Change Comes to the Alentejo

At 5 o'clock every weekday afternoon, the tractors begin returning to the Cacebres Cooperative near the Portuguese town of Alcacer do Sal. Behind them, through the gates decorated with the hammer and sickle, come truckloads of workers returning from the fields. Many of them are women, attired, as they have been for centuries, in full black dresses over thick trousers, their hair covered by black kerchiefs knotted under black felt hats. "This cooperative has 10,000 acres, and it all used to belong to two men who only hired a few workers when they needed them," says Francisco Antonio Pombinho, 42, a worker in the co-op's machine shop. "Now there are 300 of us, and we work all the year round."
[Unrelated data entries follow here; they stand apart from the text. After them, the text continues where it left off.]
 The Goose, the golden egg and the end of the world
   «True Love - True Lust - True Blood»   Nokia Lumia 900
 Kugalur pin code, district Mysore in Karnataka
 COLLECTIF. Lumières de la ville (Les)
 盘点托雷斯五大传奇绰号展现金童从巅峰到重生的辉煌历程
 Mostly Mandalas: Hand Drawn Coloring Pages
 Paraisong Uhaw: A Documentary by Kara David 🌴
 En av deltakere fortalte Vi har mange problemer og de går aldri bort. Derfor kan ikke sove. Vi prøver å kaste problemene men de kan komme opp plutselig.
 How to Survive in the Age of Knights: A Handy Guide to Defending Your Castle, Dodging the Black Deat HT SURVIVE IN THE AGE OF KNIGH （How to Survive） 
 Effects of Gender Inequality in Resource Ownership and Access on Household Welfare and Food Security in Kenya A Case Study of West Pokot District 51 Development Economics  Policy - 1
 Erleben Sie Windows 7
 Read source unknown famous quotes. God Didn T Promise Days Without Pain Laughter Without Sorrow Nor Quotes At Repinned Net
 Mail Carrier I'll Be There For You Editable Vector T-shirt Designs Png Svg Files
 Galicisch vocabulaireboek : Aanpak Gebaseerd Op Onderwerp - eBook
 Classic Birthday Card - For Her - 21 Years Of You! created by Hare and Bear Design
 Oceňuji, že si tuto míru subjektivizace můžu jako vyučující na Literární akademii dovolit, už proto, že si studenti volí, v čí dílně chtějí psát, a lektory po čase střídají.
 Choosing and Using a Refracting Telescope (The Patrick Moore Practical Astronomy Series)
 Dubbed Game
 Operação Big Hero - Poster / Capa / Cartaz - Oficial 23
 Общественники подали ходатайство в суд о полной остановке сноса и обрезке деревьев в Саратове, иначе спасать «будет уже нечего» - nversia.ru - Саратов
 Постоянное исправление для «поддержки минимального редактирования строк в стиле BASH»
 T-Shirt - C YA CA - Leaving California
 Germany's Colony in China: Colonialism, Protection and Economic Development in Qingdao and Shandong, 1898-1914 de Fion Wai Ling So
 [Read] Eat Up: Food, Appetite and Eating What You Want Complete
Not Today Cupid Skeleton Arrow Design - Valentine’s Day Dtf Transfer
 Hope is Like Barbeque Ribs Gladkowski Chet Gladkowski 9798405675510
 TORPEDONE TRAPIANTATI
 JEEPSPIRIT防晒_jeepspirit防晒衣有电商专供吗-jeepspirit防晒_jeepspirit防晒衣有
This is the Alentejo,* a sprawling province of gently rolling hills dotted with olive, cork and eucalyptus trees and punctuated by whitewashed villages, set between the bustling capital of Lisbon, the Spanish border and the Algarve seacoast. Despite its Old World customs and deceptively placid appearance, the region has changed drastically over the past two years. The Alentejo was once a feudal preserve of absentee landlords, poor tenant farmers who worked for as little as $2 a day, vast private hunting estates, and wasted land whose inhabitants often went hungry. Now it is a Communist stronghold.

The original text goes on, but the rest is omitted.